Tingkat kesejahteraan wartawan inilah yang biasanya memicu adanya kelompok-kelompok “radikal” yang seperti dijelaskan diatas tadi, menggunakan “kartu pers” sebagai senjata dalam mencari nafkah. Mengancam sumber berita, apalagi untuk kasus-kasus “basah” yang notabene pelakunya adalah Pejabat, tokoh masyarakat, pimpinan perusahaan, elit politik, pimpinan eksekutif dan sebagainya.
Problem lainnya, tingkat persaingan antarmedia yang semakin tinggi, membuat independensi media juga mulai “goyah”. Media mencari pegangan agar tidak hanyut terbawa arus perubahan. Jalan pintasnya, adalah dengan berselingkuh dengan kekuasaan. Demi kontrak dengan Pemerintah Daerah, misalnya, maka isi pemberitaan cenderung “cari aman” dan bertabur berita ‘plat merah’.
Income perusahaan media, yang hanya mengandalkan cuan dari pemerintah dan elit politik, akhirnya akan mewarnai kebijakan media itu sendiri. Dan pada ujungnya, sistem oligarki yang berputar dan membuat mata rantai tersendiri, mau tidak mau – suka atau tidak suka – menjadikan pers ikut tercebur pada permainan besar elit global, kepentingan golongan akan terus tetap berada diatas, dibanding dengan kepentingan publik, yang harusnya menjadi roh dari pers itu sendiri.
Terakhir, ijinkan di Hari Pers Nasional ini, untuk kita sama-sama merenung, bahwa sistem yang salah ini, yang lebih mengutamakan kepentingan “pengorder” atau pemesan iklan, apapun wujudnya, harus kita singkirkan dari mindset dan perspektif pers itu sendiri.

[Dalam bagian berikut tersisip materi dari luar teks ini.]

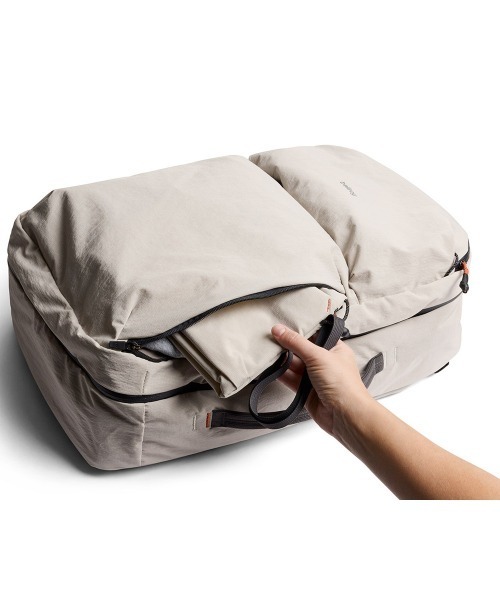 Bellroy(ベルロイ)の「Bellroy-バックパック/リュックサック Lite Travel Pack 38L Ash(バックパック/リュック・メンズ・アッシュ・ONE SIZE)」の9枚目の写真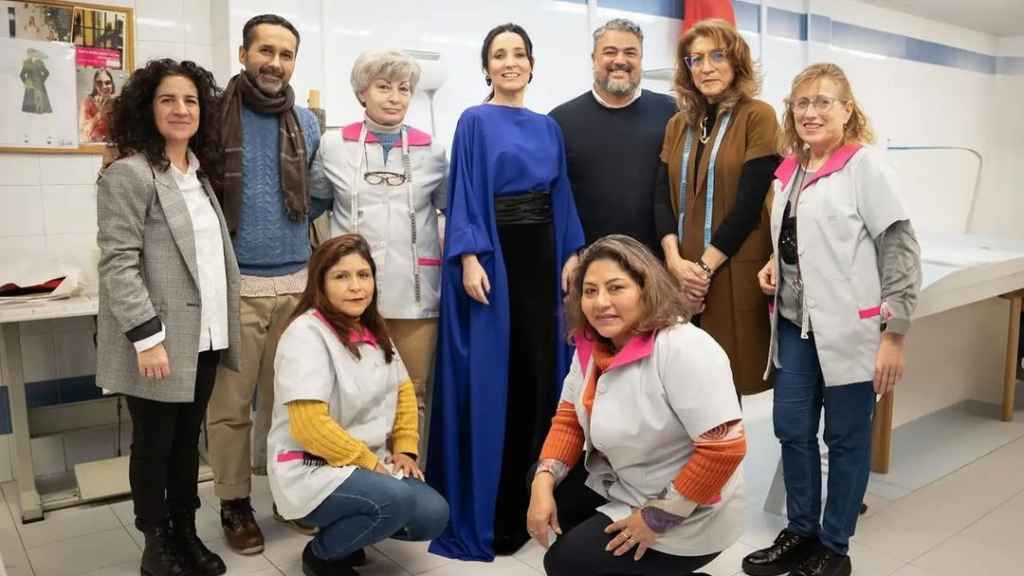 Cruz Sánchez de Lara, vicepresidenta de EL ESPAÑOL junto a Nacho Aguayo, director creativo de Pedro del Hierro, el equipo de Tendam y las artesanas de APRAMP.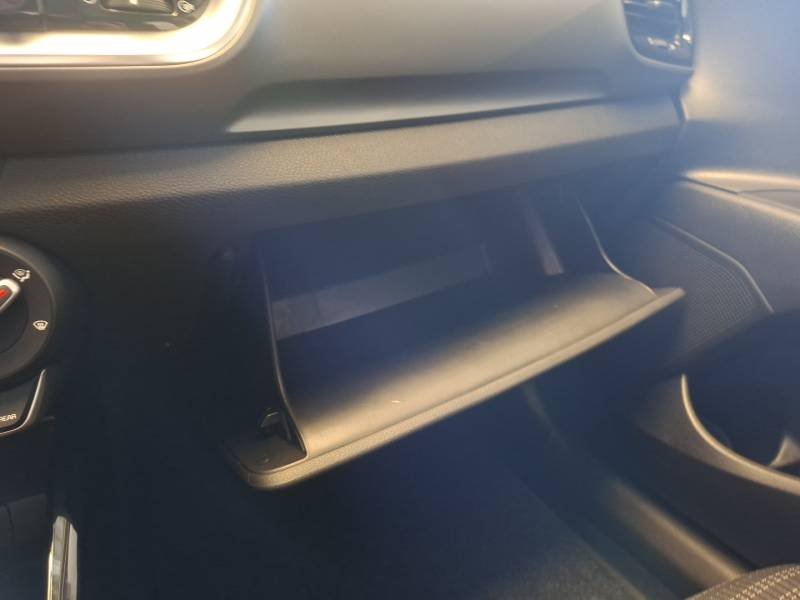 Kia Stonic - Photo 29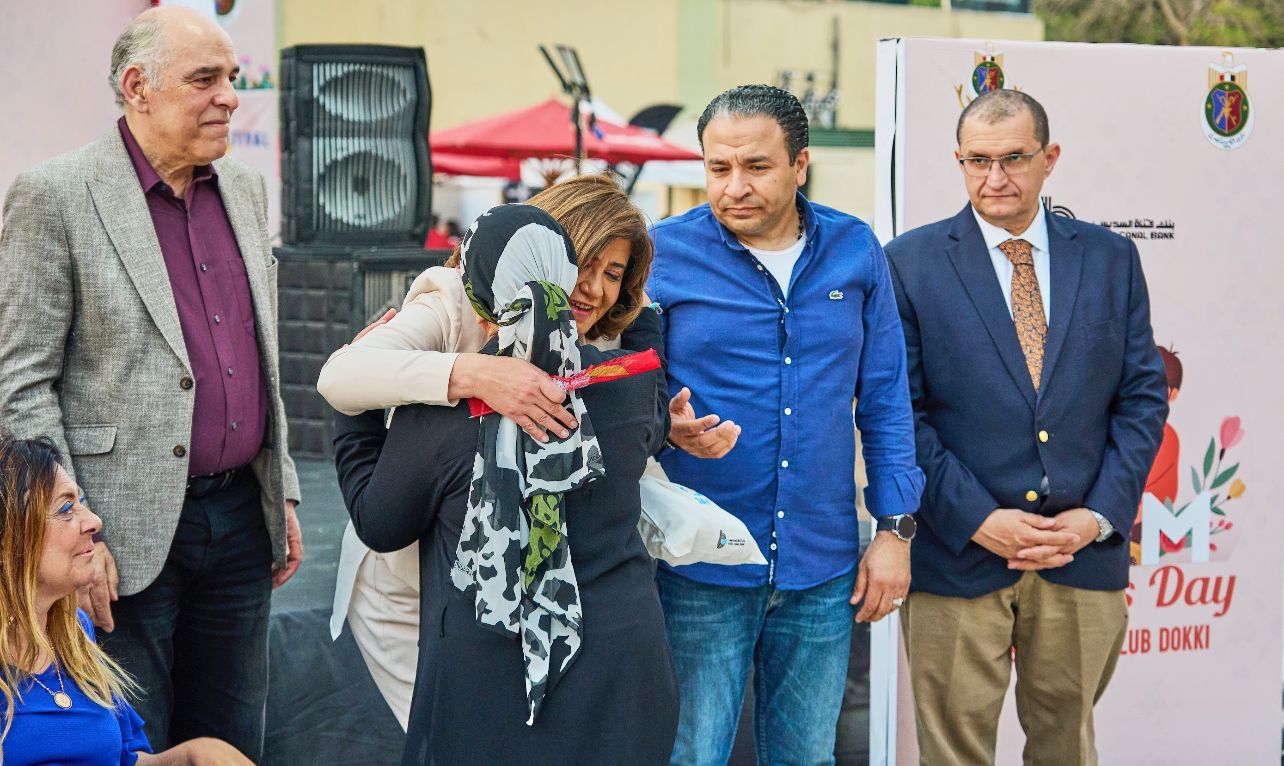 بنك قناة السويس يرعى احتفالية تكريم الأم المثالية بنادي الصيد للعام الثاني على التوالي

Pers menghadapi cobaan dan tantangan yang sangat berat. Berat karena harus melawan dirinya sendiri, yang lemah secara finansial meski kuat secara integritas dan moral.
Sudah waktunya bagi insan pers untuk merapatkan barisan dan membuat kolaborasi yang hebat, yakni menghimpun sumber-sumber pendapatan yang sah dan halal bagi perusahaan media, entah dengan cara membuat usaha penopang, usaha mandiri yang tidak lagi mengandalkan kemampuan lobi individu, yang bergerak tidak saja demi kepentingan bisnis media tetapi juga demi kepentingan sosial, kepentingan umat, kepentingan rakyat pada akhirnya.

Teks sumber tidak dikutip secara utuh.